20 de septiembre de 2013

la piel que me amó


la piel de una mujer se siente distinta cuando se entrega; cuando no lo hace en alma y cuerpo, su suavidad cambia. cuando no se entrega es como si la piel se agarrara a los huesos y se volviera coraza, se volviera caparazón para repeler el tacto o para no sentir. la piel es como un traductor de las ganas de follar que una mujer tiene.

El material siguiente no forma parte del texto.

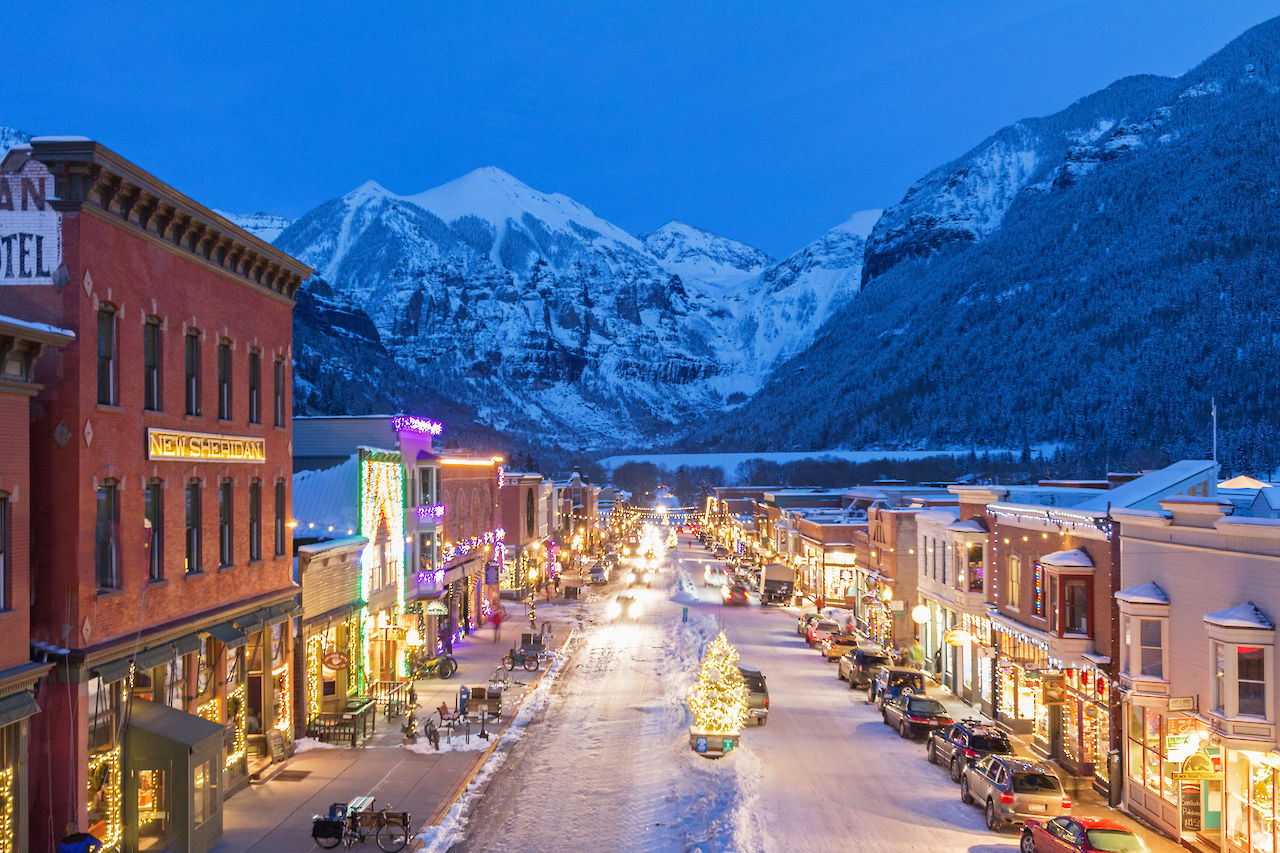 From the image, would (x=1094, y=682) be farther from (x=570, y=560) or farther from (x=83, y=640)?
(x=570, y=560)

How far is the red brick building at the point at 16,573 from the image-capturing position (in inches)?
659

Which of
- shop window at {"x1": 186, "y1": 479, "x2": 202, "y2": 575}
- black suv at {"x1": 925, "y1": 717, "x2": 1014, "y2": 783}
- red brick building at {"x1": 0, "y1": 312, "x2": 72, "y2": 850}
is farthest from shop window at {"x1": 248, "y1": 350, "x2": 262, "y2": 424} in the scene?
black suv at {"x1": 925, "y1": 717, "x2": 1014, "y2": 783}

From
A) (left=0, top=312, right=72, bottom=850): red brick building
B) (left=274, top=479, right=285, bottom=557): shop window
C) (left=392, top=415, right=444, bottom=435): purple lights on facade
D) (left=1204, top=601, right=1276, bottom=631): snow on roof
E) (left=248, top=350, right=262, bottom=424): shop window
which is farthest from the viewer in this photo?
(left=392, top=415, right=444, bottom=435): purple lights on facade

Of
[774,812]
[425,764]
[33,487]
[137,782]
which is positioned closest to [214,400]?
[33,487]

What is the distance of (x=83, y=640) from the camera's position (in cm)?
1895

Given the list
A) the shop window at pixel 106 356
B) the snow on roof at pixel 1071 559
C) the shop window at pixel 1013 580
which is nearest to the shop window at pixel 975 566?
the shop window at pixel 1013 580

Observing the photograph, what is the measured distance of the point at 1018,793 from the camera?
23.3m

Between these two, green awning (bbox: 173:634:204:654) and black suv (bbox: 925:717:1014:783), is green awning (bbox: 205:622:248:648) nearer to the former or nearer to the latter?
green awning (bbox: 173:634:204:654)

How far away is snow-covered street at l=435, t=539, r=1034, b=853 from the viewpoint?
2281 cm

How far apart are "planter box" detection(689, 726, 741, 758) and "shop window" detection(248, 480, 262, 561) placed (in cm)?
1320

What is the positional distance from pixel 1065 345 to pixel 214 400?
19146 centimetres

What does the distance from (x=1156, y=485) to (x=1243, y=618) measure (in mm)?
8461

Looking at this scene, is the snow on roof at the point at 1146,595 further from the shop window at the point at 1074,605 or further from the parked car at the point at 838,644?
the parked car at the point at 838,644

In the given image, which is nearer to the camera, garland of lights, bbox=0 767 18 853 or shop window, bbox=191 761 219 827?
Answer: garland of lights, bbox=0 767 18 853
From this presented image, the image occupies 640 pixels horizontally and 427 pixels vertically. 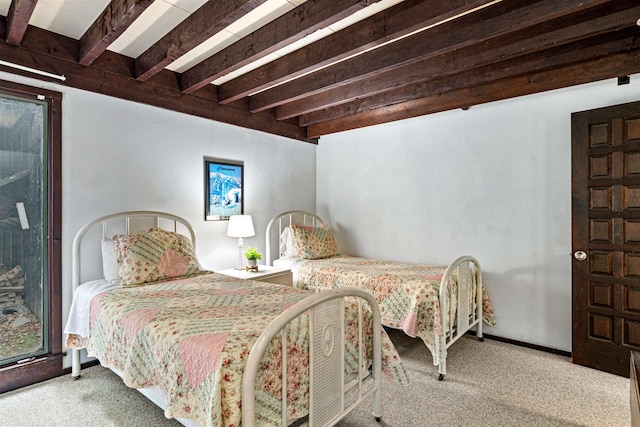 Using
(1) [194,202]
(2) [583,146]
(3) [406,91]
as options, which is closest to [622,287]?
(2) [583,146]

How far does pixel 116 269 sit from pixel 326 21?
2321 mm

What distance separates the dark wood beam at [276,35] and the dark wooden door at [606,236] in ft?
7.06

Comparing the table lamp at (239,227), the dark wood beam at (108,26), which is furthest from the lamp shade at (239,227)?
the dark wood beam at (108,26)

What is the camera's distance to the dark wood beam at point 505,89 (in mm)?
2736

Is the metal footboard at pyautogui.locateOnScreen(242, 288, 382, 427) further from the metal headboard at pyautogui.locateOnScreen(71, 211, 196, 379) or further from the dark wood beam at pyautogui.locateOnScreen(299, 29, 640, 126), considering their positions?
the dark wood beam at pyautogui.locateOnScreen(299, 29, 640, 126)

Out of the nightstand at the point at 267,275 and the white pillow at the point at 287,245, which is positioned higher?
the white pillow at the point at 287,245

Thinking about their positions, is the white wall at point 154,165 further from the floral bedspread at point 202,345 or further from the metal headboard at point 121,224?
the floral bedspread at point 202,345

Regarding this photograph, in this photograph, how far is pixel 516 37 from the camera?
97.0 inches

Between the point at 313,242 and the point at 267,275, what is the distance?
0.89 meters

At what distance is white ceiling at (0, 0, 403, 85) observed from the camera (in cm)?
221

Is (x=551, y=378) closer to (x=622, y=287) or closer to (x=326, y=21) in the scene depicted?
(x=622, y=287)

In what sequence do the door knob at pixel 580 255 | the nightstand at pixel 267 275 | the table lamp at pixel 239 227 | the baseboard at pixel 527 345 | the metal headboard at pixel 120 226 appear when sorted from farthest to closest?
the table lamp at pixel 239 227 → the nightstand at pixel 267 275 → the baseboard at pixel 527 345 → the door knob at pixel 580 255 → the metal headboard at pixel 120 226

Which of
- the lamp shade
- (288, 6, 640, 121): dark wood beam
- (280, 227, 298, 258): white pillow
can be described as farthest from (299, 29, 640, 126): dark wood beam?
the lamp shade

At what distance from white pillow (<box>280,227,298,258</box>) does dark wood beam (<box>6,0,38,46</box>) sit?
2803 millimetres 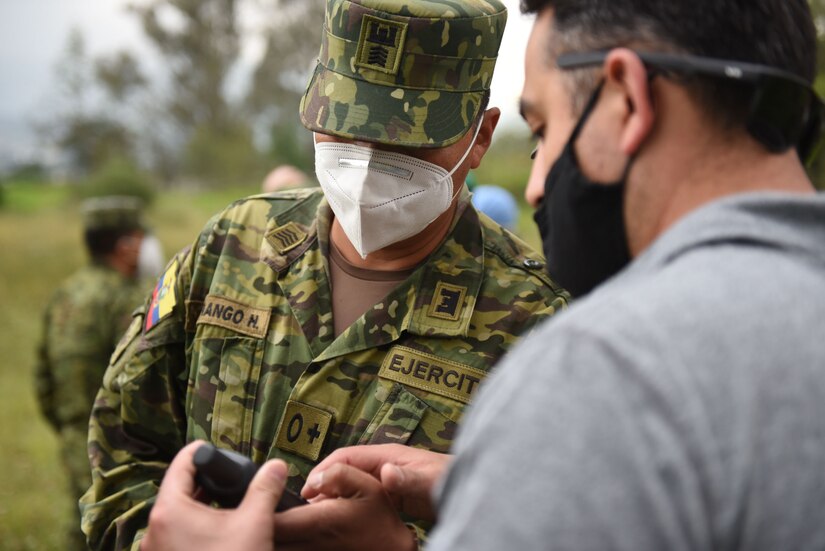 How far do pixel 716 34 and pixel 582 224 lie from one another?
0.32 meters

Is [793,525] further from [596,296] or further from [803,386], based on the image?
[596,296]

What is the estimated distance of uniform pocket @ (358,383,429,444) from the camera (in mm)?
1983

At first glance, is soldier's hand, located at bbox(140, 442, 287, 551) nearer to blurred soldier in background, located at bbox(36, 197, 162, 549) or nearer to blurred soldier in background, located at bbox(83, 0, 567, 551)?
blurred soldier in background, located at bbox(83, 0, 567, 551)

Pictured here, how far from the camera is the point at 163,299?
2.23m

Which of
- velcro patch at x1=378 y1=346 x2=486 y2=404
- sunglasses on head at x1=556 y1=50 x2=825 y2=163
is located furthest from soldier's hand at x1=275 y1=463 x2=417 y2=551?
sunglasses on head at x1=556 y1=50 x2=825 y2=163

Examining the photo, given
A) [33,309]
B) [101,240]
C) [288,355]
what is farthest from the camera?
[33,309]

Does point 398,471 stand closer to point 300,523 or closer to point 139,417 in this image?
point 300,523

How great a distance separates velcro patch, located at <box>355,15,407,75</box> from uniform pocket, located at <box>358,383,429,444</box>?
2.63 feet

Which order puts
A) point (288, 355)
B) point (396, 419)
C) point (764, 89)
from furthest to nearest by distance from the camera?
point (288, 355) → point (396, 419) → point (764, 89)

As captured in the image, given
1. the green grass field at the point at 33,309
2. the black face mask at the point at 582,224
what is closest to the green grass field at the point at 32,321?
the green grass field at the point at 33,309

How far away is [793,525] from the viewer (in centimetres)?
87

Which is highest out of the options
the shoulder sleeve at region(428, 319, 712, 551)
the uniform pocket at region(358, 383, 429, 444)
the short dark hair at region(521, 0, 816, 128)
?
the short dark hair at region(521, 0, 816, 128)

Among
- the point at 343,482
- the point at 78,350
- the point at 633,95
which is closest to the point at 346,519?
the point at 343,482

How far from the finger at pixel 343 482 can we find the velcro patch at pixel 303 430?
39cm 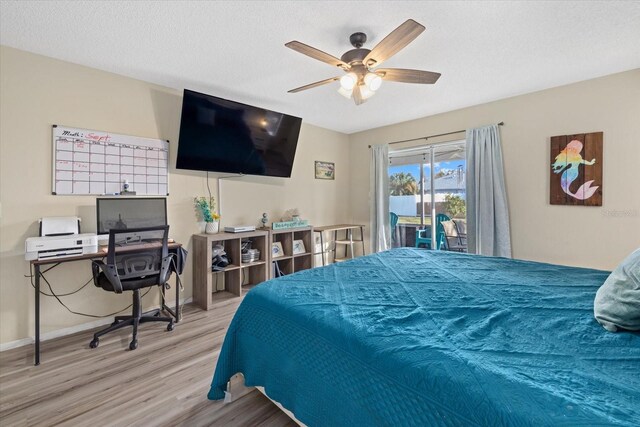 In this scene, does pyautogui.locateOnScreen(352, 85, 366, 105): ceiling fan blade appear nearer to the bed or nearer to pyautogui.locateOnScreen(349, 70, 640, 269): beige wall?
the bed

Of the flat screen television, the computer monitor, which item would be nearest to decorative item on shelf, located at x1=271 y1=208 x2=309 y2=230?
the flat screen television

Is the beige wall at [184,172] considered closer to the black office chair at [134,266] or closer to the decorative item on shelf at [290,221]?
the decorative item on shelf at [290,221]

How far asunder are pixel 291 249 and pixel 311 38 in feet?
8.65

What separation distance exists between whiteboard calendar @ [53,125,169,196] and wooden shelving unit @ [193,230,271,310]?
758mm

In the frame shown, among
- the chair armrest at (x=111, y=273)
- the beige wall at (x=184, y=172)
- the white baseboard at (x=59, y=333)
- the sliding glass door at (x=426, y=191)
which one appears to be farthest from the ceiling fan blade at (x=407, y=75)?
the white baseboard at (x=59, y=333)

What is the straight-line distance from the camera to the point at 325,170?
15.9ft

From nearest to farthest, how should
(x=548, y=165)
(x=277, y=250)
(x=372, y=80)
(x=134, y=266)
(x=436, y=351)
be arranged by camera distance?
(x=436, y=351) → (x=372, y=80) → (x=134, y=266) → (x=548, y=165) → (x=277, y=250)

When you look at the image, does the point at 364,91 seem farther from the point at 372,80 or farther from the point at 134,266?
the point at 134,266

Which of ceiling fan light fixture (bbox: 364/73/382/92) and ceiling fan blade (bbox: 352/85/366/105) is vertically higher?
ceiling fan light fixture (bbox: 364/73/382/92)

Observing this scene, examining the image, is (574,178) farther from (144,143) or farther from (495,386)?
(144,143)

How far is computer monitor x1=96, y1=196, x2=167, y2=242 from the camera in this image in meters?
2.66

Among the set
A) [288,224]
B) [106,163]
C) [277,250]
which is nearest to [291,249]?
[277,250]

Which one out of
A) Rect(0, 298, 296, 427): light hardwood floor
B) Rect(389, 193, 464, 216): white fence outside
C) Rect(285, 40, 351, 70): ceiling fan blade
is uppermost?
Rect(285, 40, 351, 70): ceiling fan blade

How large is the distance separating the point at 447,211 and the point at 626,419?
3699mm
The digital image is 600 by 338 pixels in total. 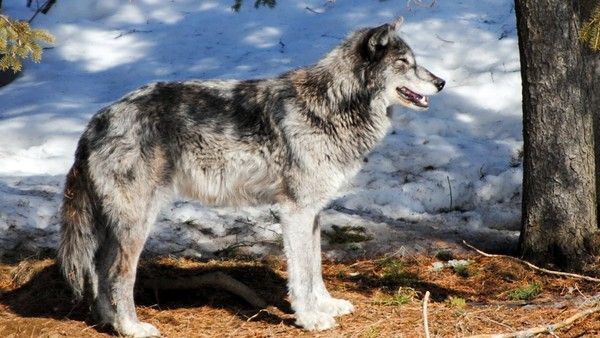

quizá por eso supe siempre si me amaban, si solo era un polvo o si era una resignación, porque aun siendo pocas, las hubo. las hay. qué asco la piel relajada de alejandra, que siempre me recordó la piel de un sapo, la baba gelatinosa de un caracol. ella no sentía nada por mí, lo aseguro. cada vez que me venía era como venirme en el vacío; un juguete más de masturbación. mis manos la tocaban por puro compromiso. la piel de patricia, en cambio, siempre fue como tocar una pelota de voleibol. cada vez que se desnudaba, iba a ella. era como un juego al que volvía como se vuelve a una piscina. era una piel agradable al tacto que no entregaba más que eso: distracción y placer. pero de mucho estar en la piscina, la propia piel se arruga y se daña. la piscina es como la estúpida y patética abstracción de un mar que nuestros ojos no alcanzan a ver.
y es que intento entender cómo me derrumbé ante la piel de natalia sobre el asfalto, blanca, pálida, sin poder tocarla una vez más. de nada hubiera servido arrodillarme ante las flores, ante el santo grial, ante el agua de todos los ríos que iban a dar al mar, porque ya se habían secado. aquella piel puta, entregándose a las manos de la muerte. aquella piel que no alcanzaba ni a la piedra, que había sido lo que ya nunca sería: una piel que fue siempre para mí.
hubo quien gritó que seguía viva, pero ya sabía yo que no, que su piel nunca volvería a ser la piel que me amó.